Their decision put the Social Democrats and the Greens on the defensive, forcing them to deny any plans to strike an electoral pact with the Party of Democratic Socialism (PDS), the third biggest in the east.
"I have said it many times, and I shall say it again: there can be no co-operation or coalition with a post-Stalinist party," declared Joschka Fischer, the leader of the Greens. Mr Fischer was reacting to news that one of his MPs, Vera Lengsfeld, had crossed over to the government benches because she felt the Greens were "prepared to help the PDS back to power in order to get into power itself".
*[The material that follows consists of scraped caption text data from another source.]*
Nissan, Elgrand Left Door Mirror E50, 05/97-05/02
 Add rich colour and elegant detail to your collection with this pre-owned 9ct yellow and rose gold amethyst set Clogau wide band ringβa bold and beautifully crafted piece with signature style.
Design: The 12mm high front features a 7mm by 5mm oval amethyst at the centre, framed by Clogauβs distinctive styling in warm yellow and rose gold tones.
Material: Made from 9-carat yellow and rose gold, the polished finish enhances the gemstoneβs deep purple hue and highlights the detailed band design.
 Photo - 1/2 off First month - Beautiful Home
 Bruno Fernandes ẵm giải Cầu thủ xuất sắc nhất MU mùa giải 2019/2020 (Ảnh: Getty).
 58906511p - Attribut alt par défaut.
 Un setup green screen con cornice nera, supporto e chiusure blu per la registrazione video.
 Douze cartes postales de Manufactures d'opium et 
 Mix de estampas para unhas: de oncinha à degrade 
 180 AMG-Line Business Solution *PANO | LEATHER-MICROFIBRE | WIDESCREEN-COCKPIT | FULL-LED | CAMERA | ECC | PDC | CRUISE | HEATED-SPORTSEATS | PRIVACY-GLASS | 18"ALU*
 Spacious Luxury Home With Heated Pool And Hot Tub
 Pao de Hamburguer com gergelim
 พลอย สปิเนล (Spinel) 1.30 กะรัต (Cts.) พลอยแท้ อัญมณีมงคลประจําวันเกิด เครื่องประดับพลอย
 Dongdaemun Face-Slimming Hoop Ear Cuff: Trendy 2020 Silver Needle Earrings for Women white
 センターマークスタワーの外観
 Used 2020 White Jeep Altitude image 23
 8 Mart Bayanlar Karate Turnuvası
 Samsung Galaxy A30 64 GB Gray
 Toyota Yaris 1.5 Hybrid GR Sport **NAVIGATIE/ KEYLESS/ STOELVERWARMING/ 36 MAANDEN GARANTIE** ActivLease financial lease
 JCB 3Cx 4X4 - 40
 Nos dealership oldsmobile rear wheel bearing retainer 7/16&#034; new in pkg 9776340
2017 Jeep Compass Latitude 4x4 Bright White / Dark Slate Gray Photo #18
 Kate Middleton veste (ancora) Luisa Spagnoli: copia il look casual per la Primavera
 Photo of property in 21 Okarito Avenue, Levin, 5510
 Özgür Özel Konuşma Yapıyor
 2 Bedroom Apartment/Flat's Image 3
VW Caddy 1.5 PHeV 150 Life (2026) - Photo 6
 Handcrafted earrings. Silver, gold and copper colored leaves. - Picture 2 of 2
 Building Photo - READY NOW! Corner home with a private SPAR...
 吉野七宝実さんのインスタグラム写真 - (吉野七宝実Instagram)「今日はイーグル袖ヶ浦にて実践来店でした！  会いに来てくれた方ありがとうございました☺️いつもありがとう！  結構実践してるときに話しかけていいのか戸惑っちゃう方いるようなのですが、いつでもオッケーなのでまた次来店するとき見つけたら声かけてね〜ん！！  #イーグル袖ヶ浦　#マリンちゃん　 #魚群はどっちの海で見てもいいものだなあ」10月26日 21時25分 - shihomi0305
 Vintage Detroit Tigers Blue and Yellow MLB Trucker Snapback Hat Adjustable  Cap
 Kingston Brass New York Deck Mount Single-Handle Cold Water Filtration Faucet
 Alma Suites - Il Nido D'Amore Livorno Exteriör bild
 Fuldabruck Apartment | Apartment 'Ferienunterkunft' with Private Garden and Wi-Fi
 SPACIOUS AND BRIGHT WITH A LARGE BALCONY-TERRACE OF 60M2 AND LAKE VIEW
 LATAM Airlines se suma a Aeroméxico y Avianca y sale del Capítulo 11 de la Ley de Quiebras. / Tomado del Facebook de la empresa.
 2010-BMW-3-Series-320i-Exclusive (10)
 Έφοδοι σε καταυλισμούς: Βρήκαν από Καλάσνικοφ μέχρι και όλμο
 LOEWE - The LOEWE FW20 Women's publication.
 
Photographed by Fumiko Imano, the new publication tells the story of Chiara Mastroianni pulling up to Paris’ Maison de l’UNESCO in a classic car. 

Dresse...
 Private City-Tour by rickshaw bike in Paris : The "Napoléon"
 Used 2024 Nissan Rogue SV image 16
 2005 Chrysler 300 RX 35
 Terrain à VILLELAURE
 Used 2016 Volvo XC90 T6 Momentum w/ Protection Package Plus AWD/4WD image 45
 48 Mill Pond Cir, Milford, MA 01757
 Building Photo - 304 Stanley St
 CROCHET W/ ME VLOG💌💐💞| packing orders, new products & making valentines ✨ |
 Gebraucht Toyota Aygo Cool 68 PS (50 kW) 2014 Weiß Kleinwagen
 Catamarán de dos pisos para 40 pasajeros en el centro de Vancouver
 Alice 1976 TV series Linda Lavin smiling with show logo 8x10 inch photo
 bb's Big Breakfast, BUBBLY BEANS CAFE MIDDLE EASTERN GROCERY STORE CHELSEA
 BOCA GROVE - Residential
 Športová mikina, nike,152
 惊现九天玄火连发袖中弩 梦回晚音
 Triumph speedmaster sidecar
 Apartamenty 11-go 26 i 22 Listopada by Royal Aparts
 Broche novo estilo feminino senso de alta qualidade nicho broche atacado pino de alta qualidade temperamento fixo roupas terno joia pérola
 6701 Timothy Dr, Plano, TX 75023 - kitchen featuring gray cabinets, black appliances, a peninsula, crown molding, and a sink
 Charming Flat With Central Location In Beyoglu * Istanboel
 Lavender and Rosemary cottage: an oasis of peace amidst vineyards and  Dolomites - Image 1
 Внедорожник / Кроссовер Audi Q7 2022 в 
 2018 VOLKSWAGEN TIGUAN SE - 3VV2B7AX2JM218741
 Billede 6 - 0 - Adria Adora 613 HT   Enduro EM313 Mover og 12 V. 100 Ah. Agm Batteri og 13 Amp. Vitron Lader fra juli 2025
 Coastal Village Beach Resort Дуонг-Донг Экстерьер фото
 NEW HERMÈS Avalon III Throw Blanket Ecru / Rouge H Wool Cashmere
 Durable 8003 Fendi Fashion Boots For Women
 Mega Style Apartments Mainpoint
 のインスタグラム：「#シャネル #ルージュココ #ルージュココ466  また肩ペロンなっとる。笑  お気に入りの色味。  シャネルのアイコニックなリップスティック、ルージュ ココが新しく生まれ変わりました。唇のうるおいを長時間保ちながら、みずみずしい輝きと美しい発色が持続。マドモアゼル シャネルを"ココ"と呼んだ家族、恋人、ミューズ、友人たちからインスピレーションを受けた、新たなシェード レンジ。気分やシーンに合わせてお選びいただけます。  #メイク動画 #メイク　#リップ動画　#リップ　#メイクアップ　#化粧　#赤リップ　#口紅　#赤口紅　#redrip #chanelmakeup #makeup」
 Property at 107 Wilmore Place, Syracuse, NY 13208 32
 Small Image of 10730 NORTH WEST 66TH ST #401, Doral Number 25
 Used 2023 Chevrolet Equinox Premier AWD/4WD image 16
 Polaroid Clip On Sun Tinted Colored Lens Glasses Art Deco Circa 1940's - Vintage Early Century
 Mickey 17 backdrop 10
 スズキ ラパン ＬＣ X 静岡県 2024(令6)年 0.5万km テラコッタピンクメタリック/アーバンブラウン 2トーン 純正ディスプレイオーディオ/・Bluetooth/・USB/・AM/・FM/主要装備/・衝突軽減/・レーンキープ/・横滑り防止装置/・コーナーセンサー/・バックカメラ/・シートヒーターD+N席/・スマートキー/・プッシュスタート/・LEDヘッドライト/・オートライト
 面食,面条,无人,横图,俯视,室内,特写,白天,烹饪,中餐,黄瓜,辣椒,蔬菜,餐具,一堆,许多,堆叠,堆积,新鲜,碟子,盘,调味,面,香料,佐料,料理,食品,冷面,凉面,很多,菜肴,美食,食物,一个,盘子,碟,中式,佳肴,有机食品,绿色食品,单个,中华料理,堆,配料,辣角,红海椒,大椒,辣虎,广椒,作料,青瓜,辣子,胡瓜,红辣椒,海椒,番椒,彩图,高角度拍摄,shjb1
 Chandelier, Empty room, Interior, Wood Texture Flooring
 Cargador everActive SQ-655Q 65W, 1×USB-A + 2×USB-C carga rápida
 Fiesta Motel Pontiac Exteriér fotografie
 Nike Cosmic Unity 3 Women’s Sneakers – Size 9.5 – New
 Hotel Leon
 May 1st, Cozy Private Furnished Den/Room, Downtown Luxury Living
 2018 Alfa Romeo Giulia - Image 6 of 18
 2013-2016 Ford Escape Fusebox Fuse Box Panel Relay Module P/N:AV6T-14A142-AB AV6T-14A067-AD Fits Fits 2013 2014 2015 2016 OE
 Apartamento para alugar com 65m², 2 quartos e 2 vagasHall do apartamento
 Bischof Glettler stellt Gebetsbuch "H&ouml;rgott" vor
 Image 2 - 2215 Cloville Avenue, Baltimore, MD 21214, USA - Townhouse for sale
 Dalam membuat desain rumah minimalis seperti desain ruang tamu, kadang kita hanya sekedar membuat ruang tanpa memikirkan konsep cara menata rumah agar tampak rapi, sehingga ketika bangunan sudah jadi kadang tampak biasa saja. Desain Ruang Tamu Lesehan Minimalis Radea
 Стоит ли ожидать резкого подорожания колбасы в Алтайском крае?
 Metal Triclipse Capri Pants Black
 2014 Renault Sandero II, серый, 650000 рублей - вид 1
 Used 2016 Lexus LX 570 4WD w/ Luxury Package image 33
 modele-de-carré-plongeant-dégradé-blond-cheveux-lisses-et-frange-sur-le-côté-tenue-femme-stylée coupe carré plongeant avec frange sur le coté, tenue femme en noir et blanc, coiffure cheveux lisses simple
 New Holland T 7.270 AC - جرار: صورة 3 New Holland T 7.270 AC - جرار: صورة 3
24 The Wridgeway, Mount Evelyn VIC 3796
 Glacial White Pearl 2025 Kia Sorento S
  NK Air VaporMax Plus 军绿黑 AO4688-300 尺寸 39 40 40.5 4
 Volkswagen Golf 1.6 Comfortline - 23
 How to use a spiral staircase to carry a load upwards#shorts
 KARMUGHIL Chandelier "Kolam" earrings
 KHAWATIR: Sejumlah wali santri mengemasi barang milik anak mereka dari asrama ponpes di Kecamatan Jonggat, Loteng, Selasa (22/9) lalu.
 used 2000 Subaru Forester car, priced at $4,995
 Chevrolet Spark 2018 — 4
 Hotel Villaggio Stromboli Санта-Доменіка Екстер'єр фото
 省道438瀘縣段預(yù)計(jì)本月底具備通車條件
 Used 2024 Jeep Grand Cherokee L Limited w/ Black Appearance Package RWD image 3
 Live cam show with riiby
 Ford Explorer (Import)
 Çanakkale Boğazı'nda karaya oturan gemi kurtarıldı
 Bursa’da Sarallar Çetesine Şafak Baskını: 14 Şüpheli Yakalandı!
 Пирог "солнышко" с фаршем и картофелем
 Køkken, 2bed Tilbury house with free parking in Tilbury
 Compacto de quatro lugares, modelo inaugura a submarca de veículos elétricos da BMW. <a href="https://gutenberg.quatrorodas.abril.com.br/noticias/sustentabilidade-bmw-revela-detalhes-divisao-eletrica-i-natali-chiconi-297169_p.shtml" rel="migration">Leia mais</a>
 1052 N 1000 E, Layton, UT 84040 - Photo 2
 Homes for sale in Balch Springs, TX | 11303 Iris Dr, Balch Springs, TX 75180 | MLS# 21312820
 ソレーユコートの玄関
Ms Lengsfeld, a civil rights activist arrested in the 1980s by the Honecker regime, has strong personal reasons for opposing a party which has so far refused to repudiate its past. In 1992 she divorced her husband, after discovering that he had spied on her for the Stasi. The six other new Christian Democrats, not in parliament, were also known opponents of the Communist regime.
Until recently, the Greens and the Social Democrats have maintained a common front with the right against the PDS, convinced that the ex-Communists would eventually fade away. Their calculations have turned out to be wrong, and party strategists now expect the outcome of the next general election to hinge on votes in the east, and the mandates the PDS might be able to contribute to a putative "Red-Green" coalition.
The polls show that if elections were held today, the three parties together would in theory be able to dislodge Mr Kohl. But in practice, as the events of yesterday illustrated, even a hint of a deal with the PDS would exact retribution. Politics in the east continues to have a dynamism of its own, far removed from the fault lines which divide the rest of the country.